:: Brief descriptive captions ::
+ + +

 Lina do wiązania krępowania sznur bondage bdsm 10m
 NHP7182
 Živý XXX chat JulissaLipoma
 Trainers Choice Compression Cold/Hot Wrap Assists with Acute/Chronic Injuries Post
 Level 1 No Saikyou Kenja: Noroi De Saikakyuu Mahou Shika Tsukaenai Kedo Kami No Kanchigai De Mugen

+ + +

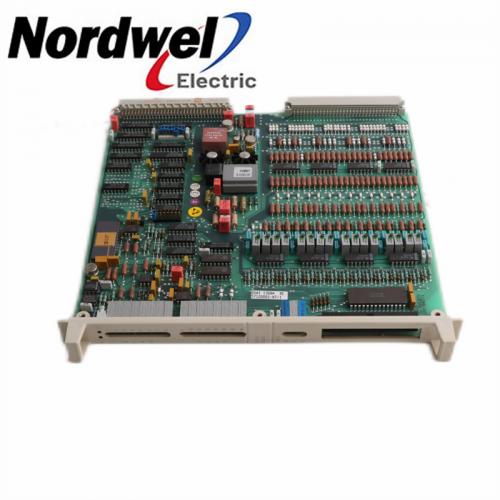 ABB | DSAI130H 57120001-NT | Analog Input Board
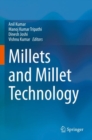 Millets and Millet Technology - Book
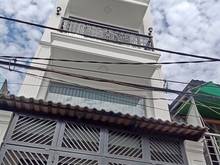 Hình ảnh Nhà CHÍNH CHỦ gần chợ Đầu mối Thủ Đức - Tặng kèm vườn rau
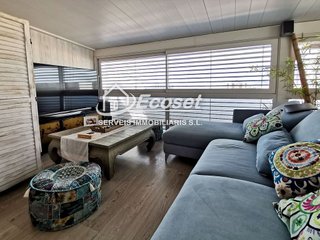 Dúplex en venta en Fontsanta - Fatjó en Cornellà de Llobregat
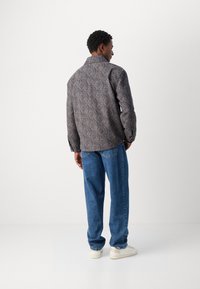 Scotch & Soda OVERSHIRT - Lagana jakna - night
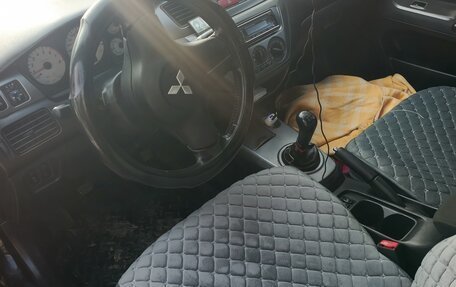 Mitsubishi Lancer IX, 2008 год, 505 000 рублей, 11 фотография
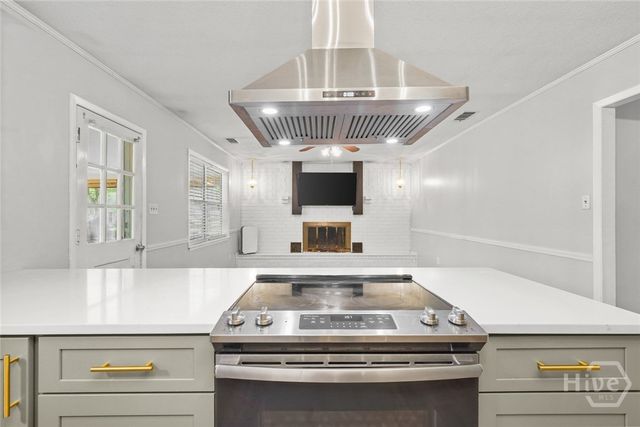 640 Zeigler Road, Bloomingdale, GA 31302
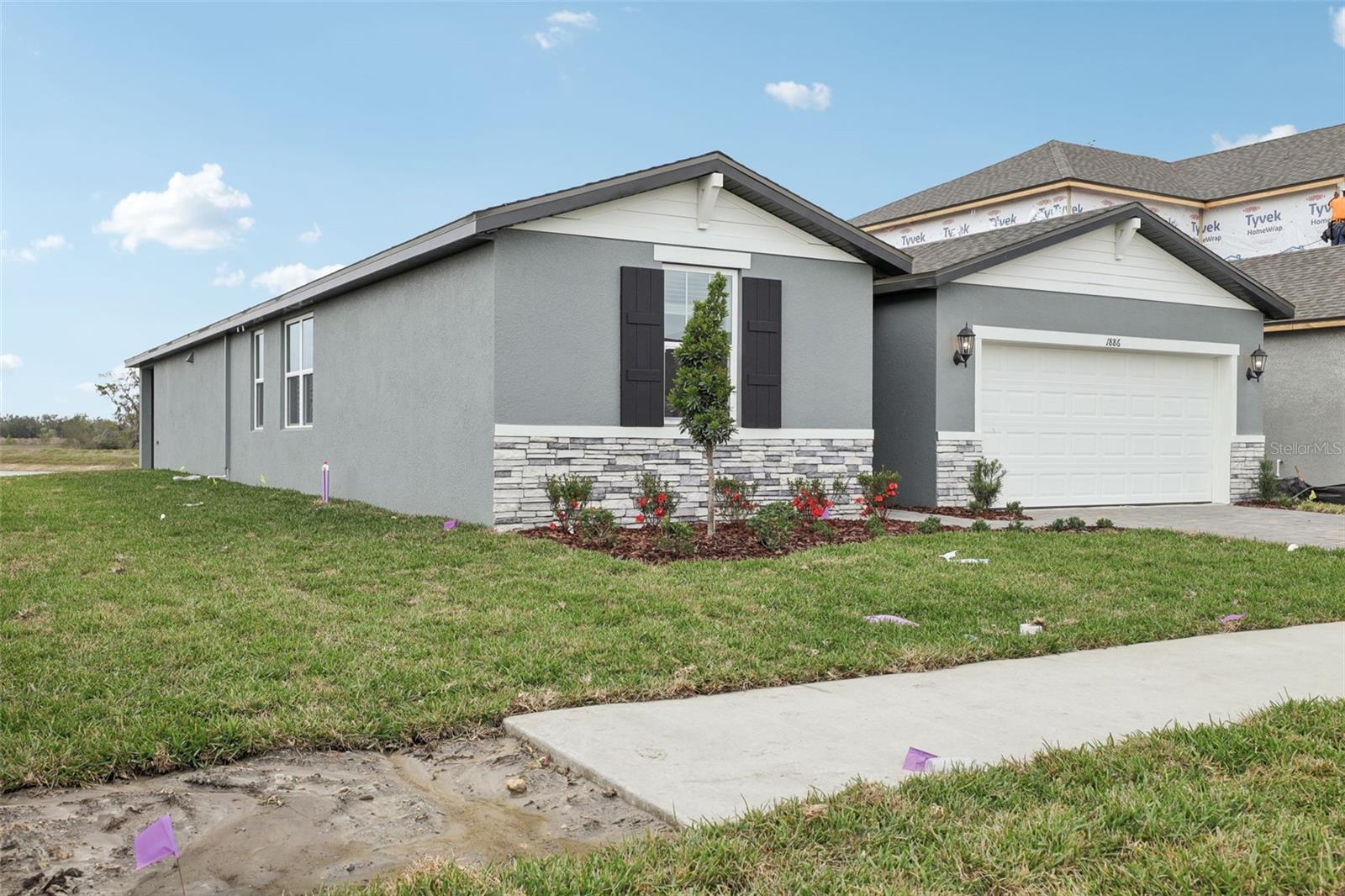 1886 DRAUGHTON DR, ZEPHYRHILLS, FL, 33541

+ + +

:: WORK INSTRUCTION ::
Because only one stretch of the records is wanted, please output the lines from the one holding "ABB | DSAI130H" through the one holding "1886 DRAUGHTON DR, ZEPHYRHILLS, FL, 33541" exactly, both included, and leave every picture out.

:: EXERCISE OUTPUT ::
 ABB | DSAI130H 57120001-NT | Analog Input Board
 Millets and Millet Technology - Book
 Hình ảnh Nhà CHÍNH CHỦ gần chợ Đầu mối Thủ Đức - Tặng kèm vườn rau
 Dúplex en venta en Fontsanta - Fatjó en Cornellà de Llobregat
 Scotch & Soda OVERSHIRT - Lagana jakna - night
 Mitsubishi Lancer IX, 2008 год, 505 000 рублей, 11 фотография
 640 Zeigler Road, Bloomingdale, GA 31302
 1886 DRAUGHTON DR, ZEPHYRHILLS, FL, 33541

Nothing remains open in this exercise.